Я, конечно, предубежден. Но я думаю, что в жанровой литературе происходит гораздо больше интересных вещей, вопросов, экспериментов, серьезных размышлений, чем в мейнстриме. Конечно, есть много прекрасных писателей-реалистов. Но я думаю, что мейнстримовая литература, которую еще ошибочно называют «литературной литературой», сейчас гораздо более склеротична, чем жанровая.
— Склеротична?
— Ну просто, понимаете, «литературная» литература работает по принципу узнавания, а не сюрприза или эксперимента. Нет, конечно, есть исключения, но все немного застряло. Мне кажется, что много произведений мейстримовой литературы пытаются польстить читателю, показать ему то, что он уже знает, медленно раскрыть какую-нибудь метафору — так, чтобы получилось как раз то мнение, которое у читателя и так есть. Комфортное узнавание.

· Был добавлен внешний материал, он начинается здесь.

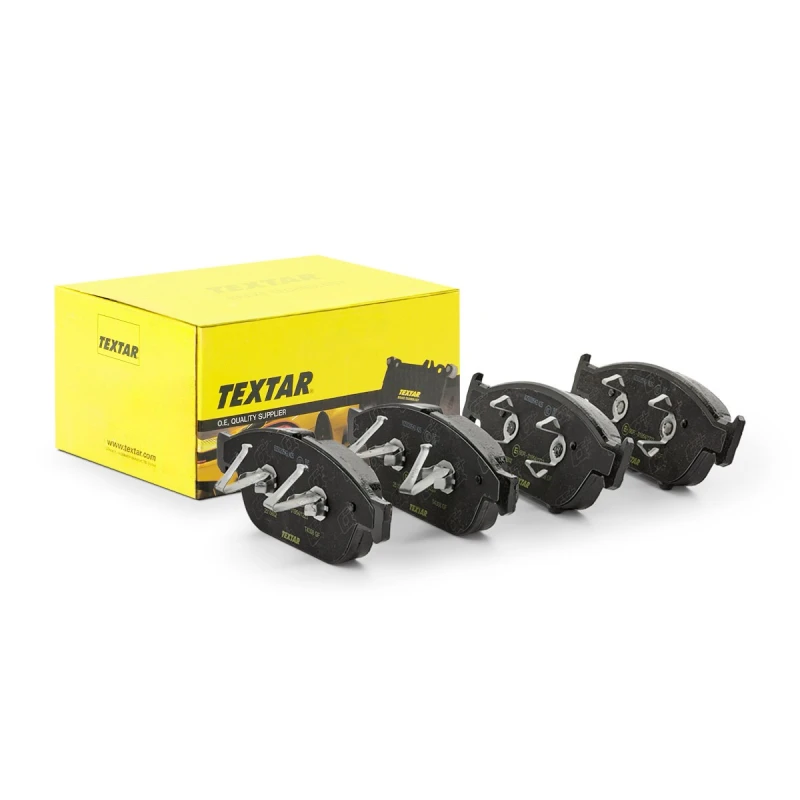 Image of TEXTAR 2515802 Brake pad set Q+ prepared for wear warning indicator Brake Pad Set,disc brake (402)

А жанровая литература пытается вас перетряхнуть. Причем не только на уровне выбора тем, но и на уровне прозы. Сейчас в большей части успешной мейнстримовой литературы гораздо меньше экспериментов в прозе, в работе с буквами и словами.
С другой стороны, в жанровой литературе много действительно ужасного. Понимаете, это закон жизни: большая часть всего ужасна. Но я уже много лет думаю, что если взять корзину репрезентативных текстов, лучшее из обоих миров, то жанровая литература будет интересней.

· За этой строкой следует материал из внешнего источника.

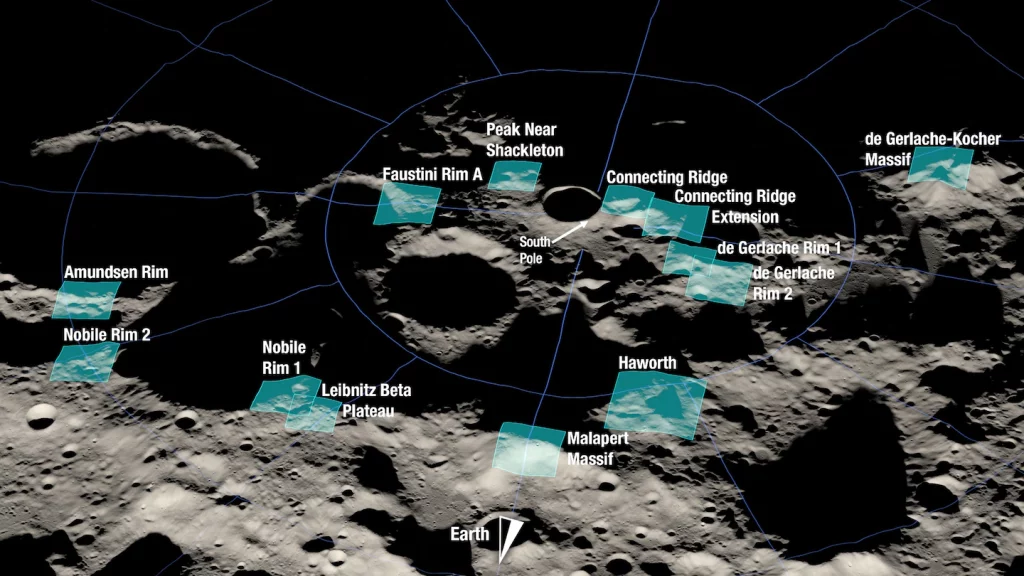 NASA reveals where it wants the next Americans to land on the moon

— В вашем романе «Город и город» есть отличная концепция специального не-видения, которому специально учат, по-настоящему оруэлловская идея. Ровно то, чему учили в советских школах, а потом приходилось заново учиться смотреть по сторонам...

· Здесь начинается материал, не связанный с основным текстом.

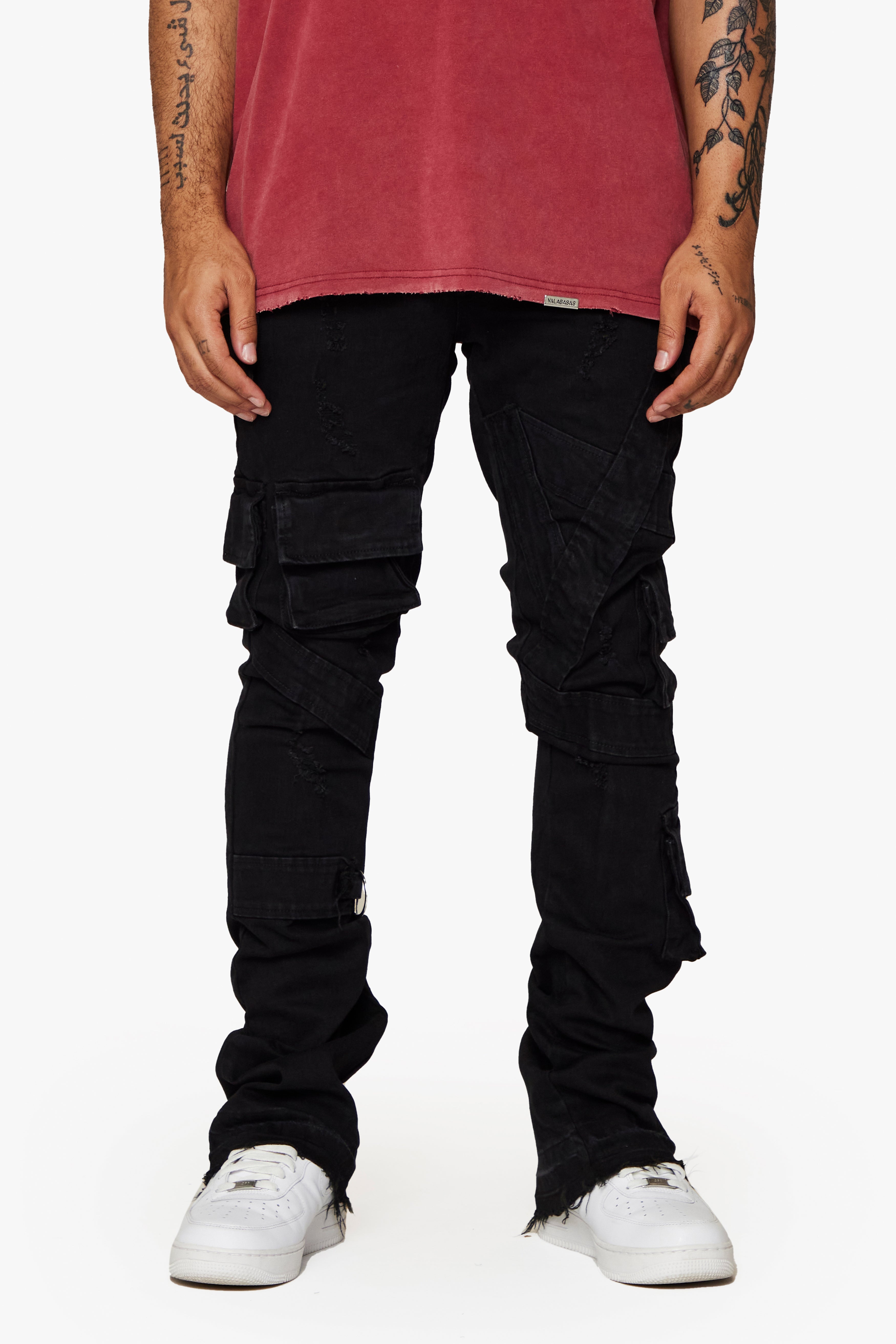 ESNTL LAB STACKED "E.L COMANDO" BLACK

— Конечно, когда я писал об этом, я знал, что у этой концепции есть сильные политические толкования. В отличие от других моих книг, полностью выдуманных, «Город и город» основан на преувеличении уже существующей логики. Эта идея не-видения — это то, что мы делаем все время. На разных уровнях. Мы все применяем фильтры, просто обрабатывая информацию об окружающем мире. Это необходимо биологически, но это и политически заряжено.
В разных странах, системах и политических структурах есть свои способы не-замечания. В сталинском блоке это была, конечно, очень политизированная история, с серьезными наказаниями за нарушение этого правила. В других странах это может быть более тонко. Но так или иначе этот процесс идет где угодно.
Я не хотел, чтобы ассоциации были совсем прямыми — «он на самом деле говорит о …» (заполните пропуск). Но, разумеется, я думал об этих коннотациях.
— А можете дать мне пример специального не-видения чего-нибудь в современной, скажем, Британии?
— Конечно. Это происходит все время. Очевидный пример — ты не видишь бездомного. В любом обществе, которое имеет хоть какое-то право называться цивилизованным, пройти мимо человека, которому придется сегодня спать на крыльце, — безумное варварство. Но мы делаем это все время. Можно пойти чуть дальше и сказать, что статистически количество душевнобольных среди бездомных заметно выше, чем в других группах. Так что вы можете в любом крупном городе найти человека, который демонстрирует такое поведение, которое, если бы его продемонстрировал ваш друг на семейном обеде, вызвало бы желание немедленно вызвать скорую. Об этом человеке надо было бы немедленно позаботиться, но все реагируют так: «Это ужасно, но что я могу сделать?»
Я не хочу никого оскорбить: люди, как правило, вполне приличны, просто мы очень социальны, и общество научило нас не обращать на это внимания. Так что вот вам ежедневный пример из жизни неполицейского демократического государства.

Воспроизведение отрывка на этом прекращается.